What to work on
Should any entry hold a picture, omit that picture and copy the rest of the entry exactly.

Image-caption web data
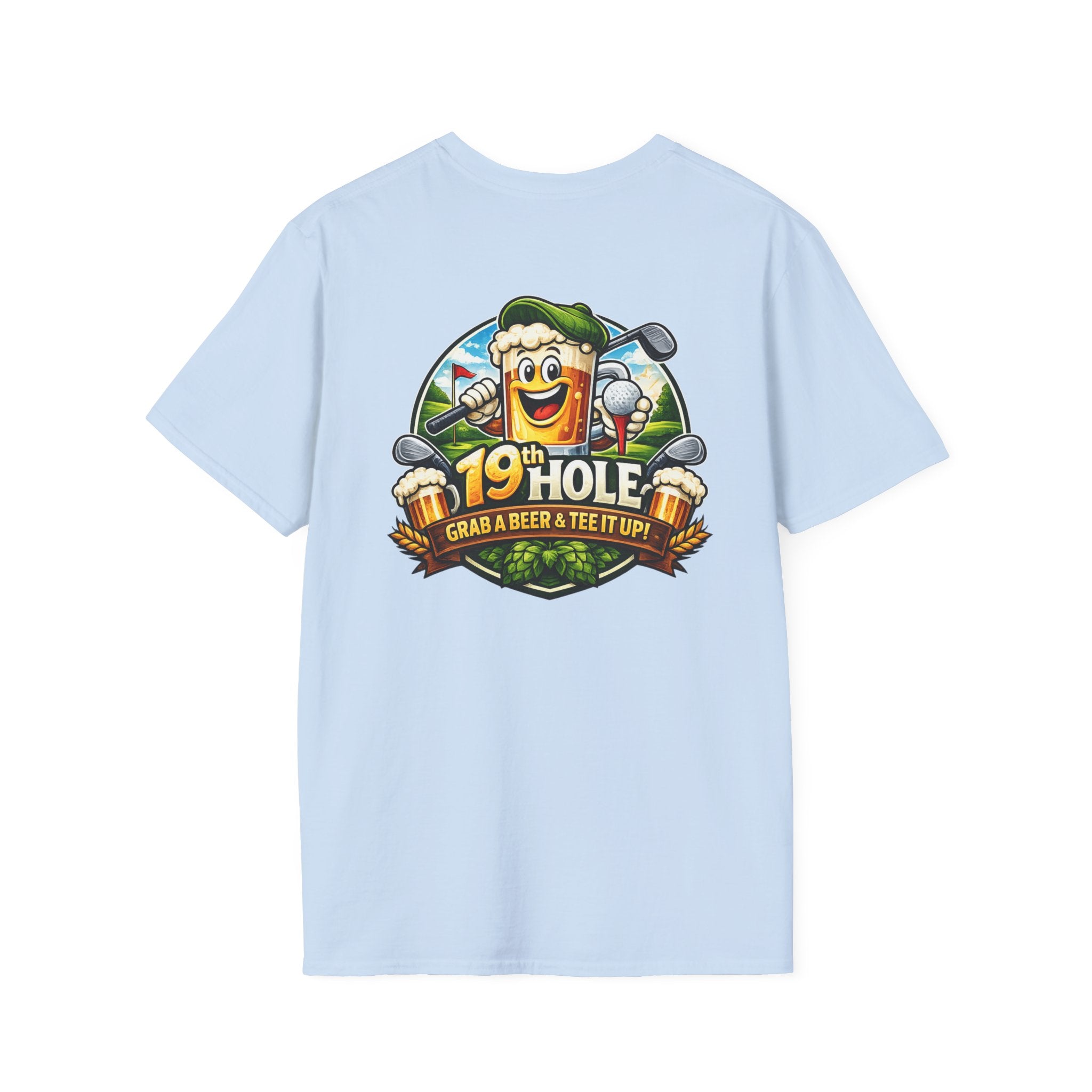 19th Hole Golf T-Shirt — "Grab a Beer & Tee It Up" Vintage Golfing Tee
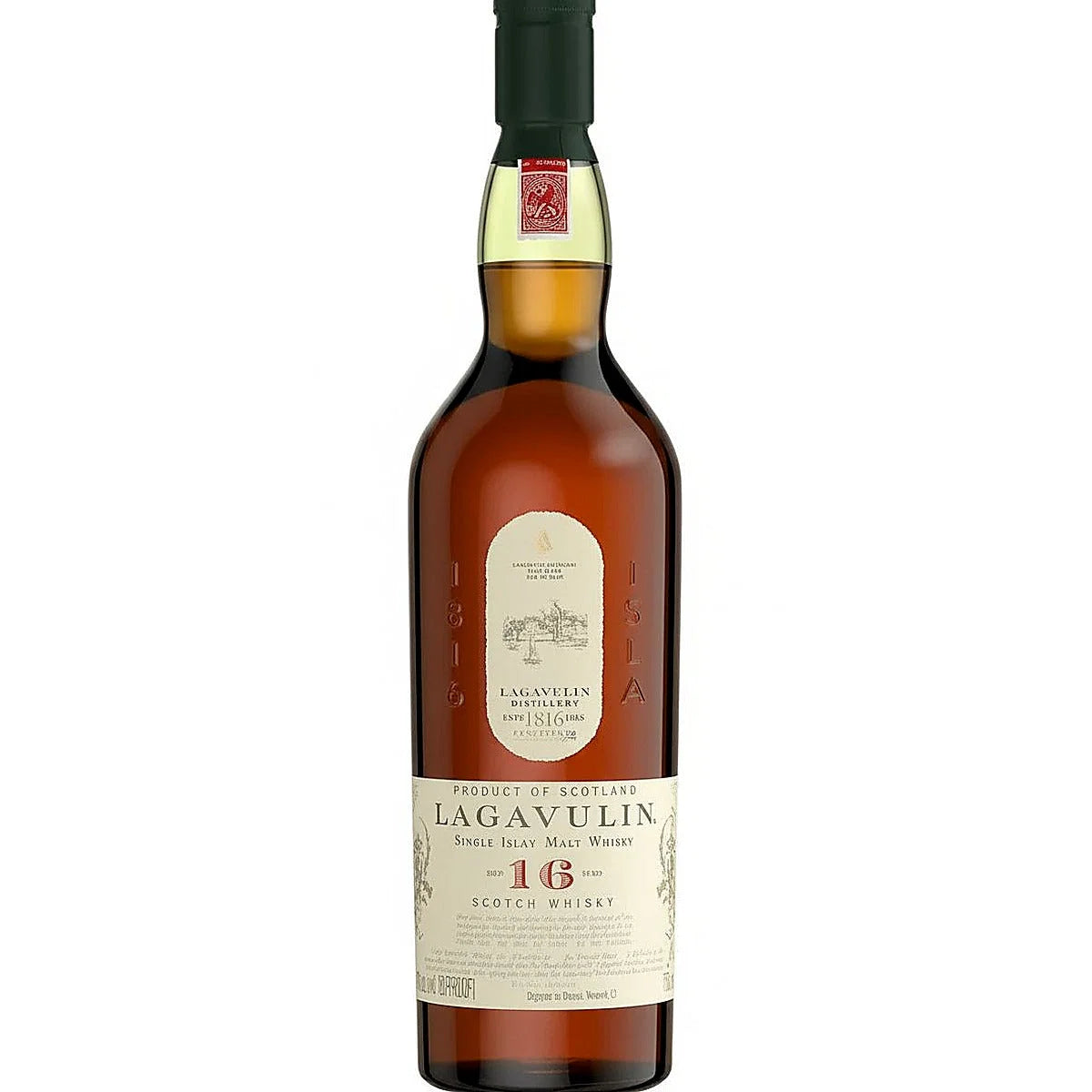 Lagavulin 16 Year Single Malt Scotch Whiskey 750mL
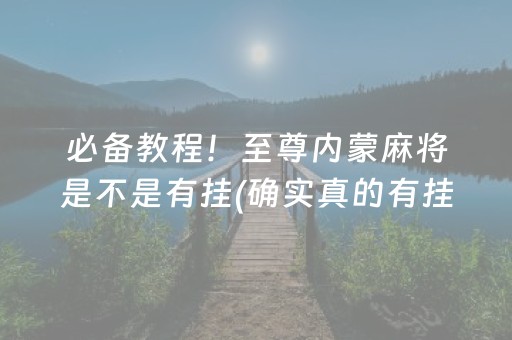 必备教程！至尊内蒙麻将是不是有挂(确实真的有挂)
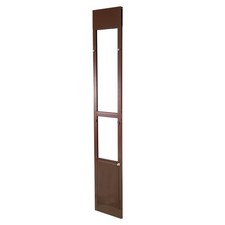 Dog Door for Sliding Glass Door, 75 7/8 to 80 11/16 in Adjustable Height, Alumin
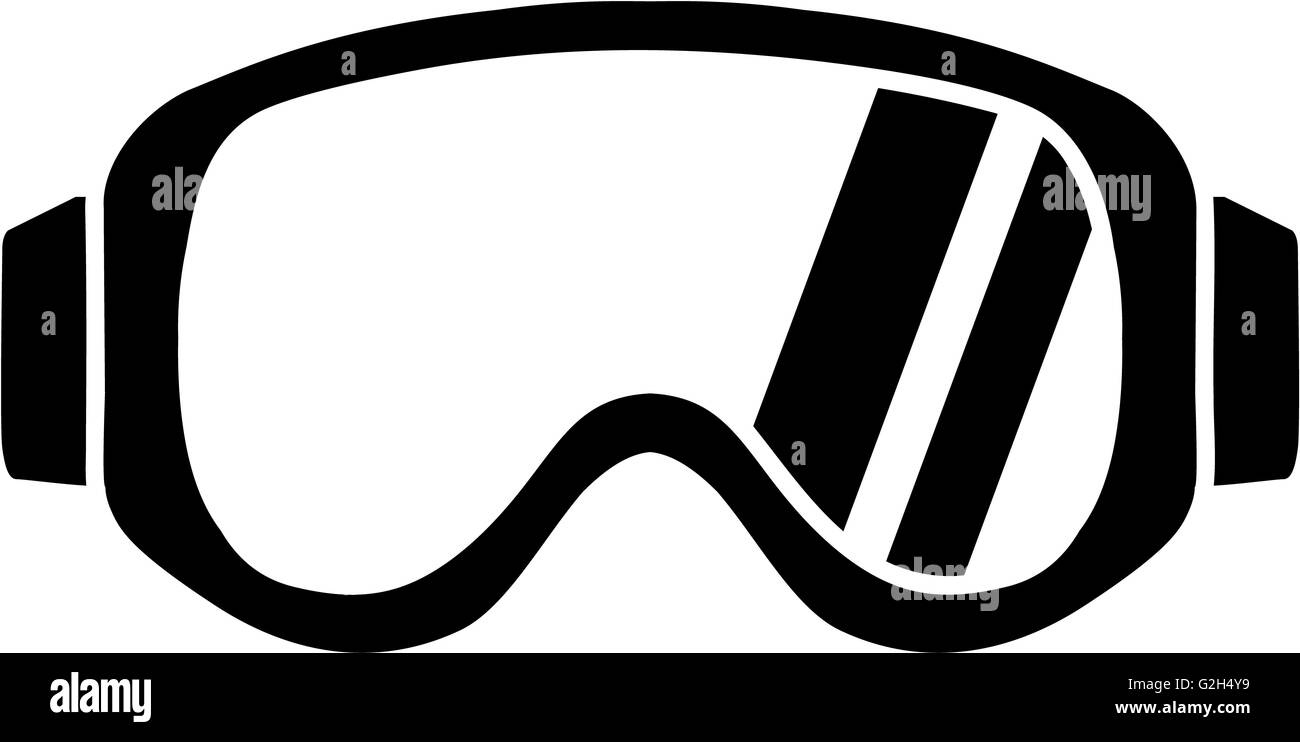L'icône de masque de ski Banque D'Images
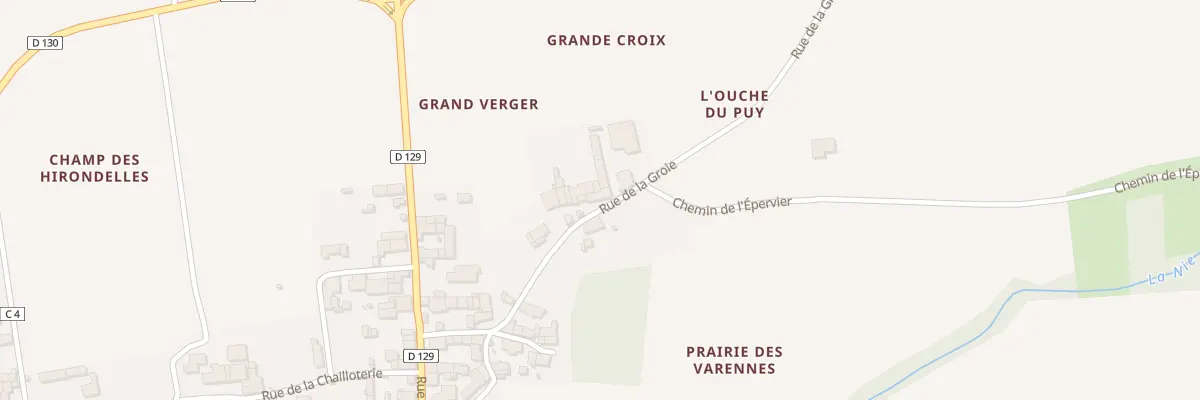 Plan du 25 Rue de la Groie à Varaize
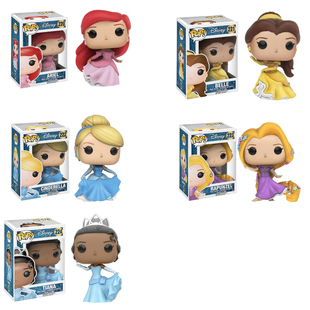 Funko POP迪士尼Disney爱丽儿蒂安娜宝嘉康蒂乐佩长发公主公仔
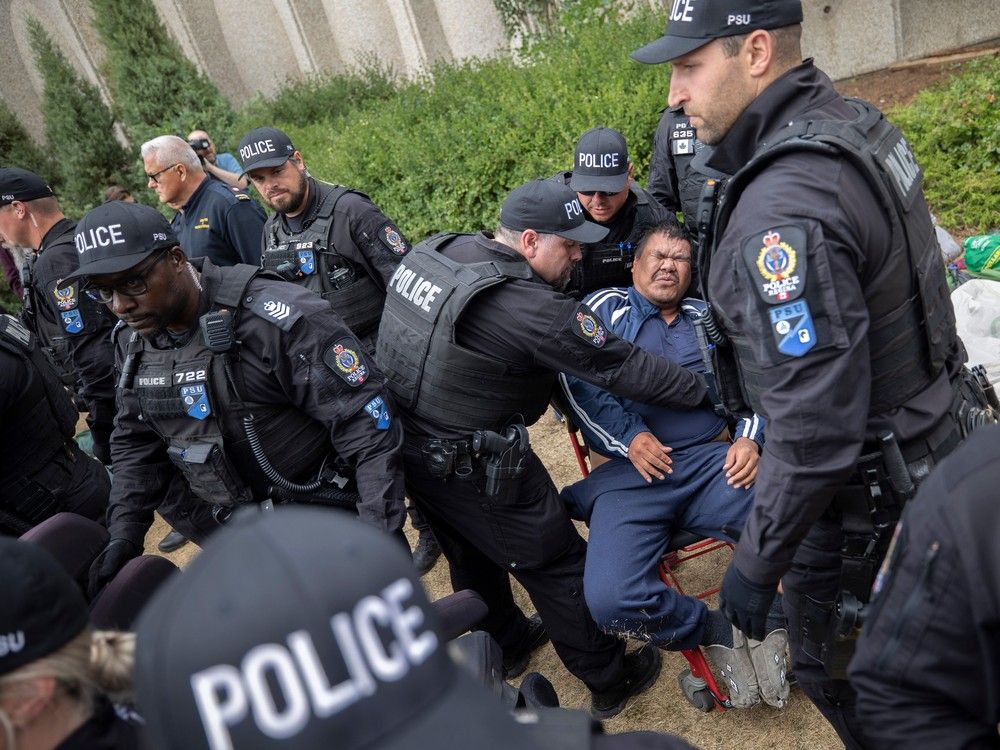 Sending in the police to remove the poor, homeless and drug addicted is not a solution for a city and province that prides itself on being welcoming.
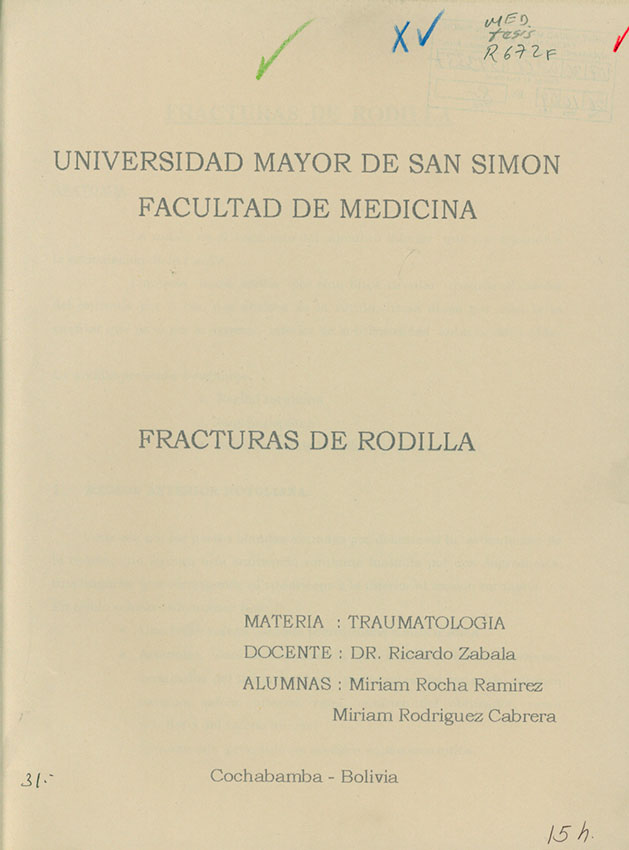 Fracturas de Rodilla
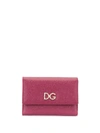 DOLCE & GABBANA LOGO FLAP WALLET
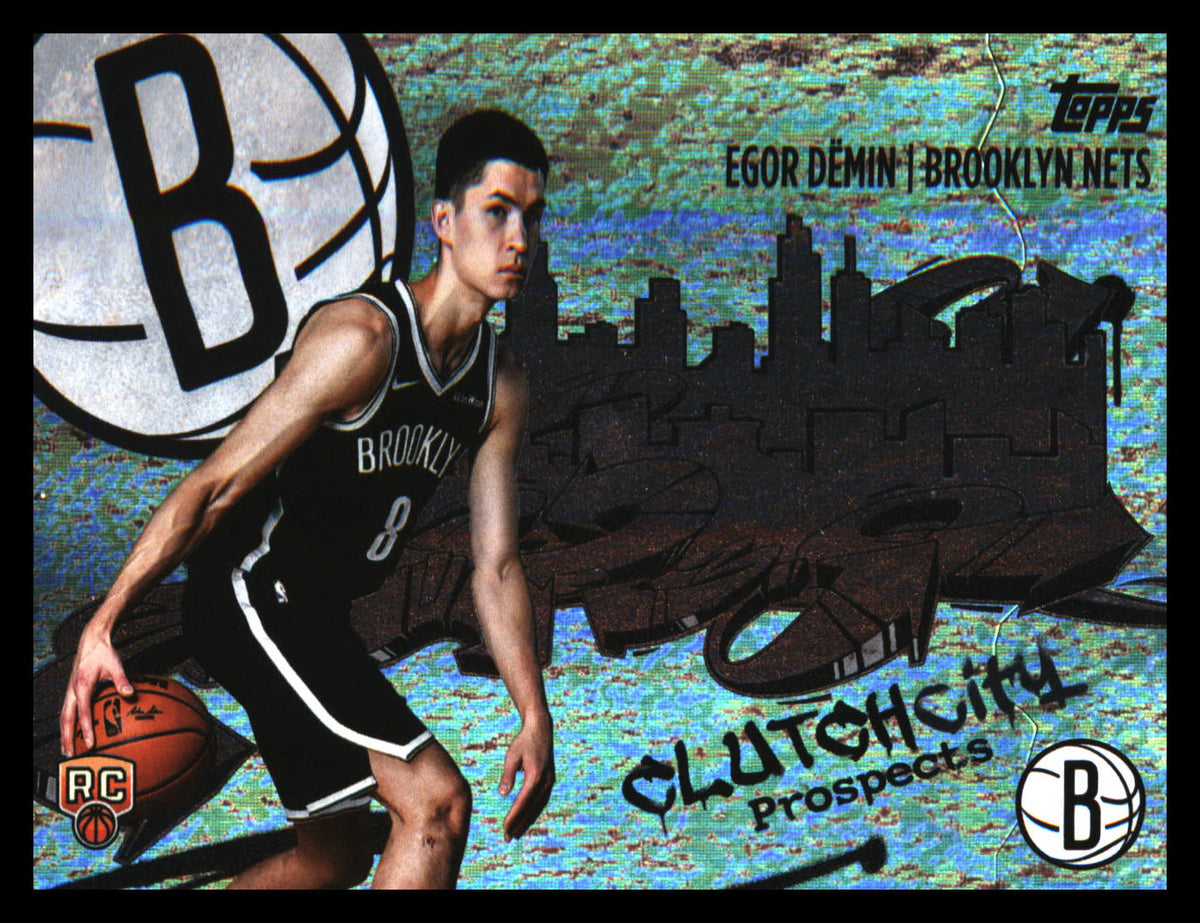 2025-26 Topps Clutch City Prospects Holo Foil #CC-8 Egor Dëmin - Veteran Sports Cards FL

Response to this exercise
 19th Hole Golf T-Shirt — "Grab a Beer & Tee It Up" Vintage Golfing Tee
 Lagavulin 16 Year Single Malt Scotch Whiskey 750mL
 必备教程！至尊内蒙麻将是不是有挂(确实真的有挂)
 Dog Door for Sliding Glass Door, 75 7/8 to 80 11/16 in Adjustable Height, Alumin
L'icône de masque de ski Banque D'Images
 Plan du 25 Rue de la Groie à Varaize
 Funko POP迪士尼Disney爱丽儿蒂安娜宝嘉康蒂乐佩长发公主公仔
 Sending in the police to remove the poor, homeless and drug addicted is not a solution for a city and province that prides itself on being welcoming.
 Fracturas de Rodilla
 DOLCE & GABBANA LOGO FLAP WALLET
 2025-26 Topps Clutch City Prospects Holo Foil #CC-8 Egor Dëmin - Veteran Sports Cards FL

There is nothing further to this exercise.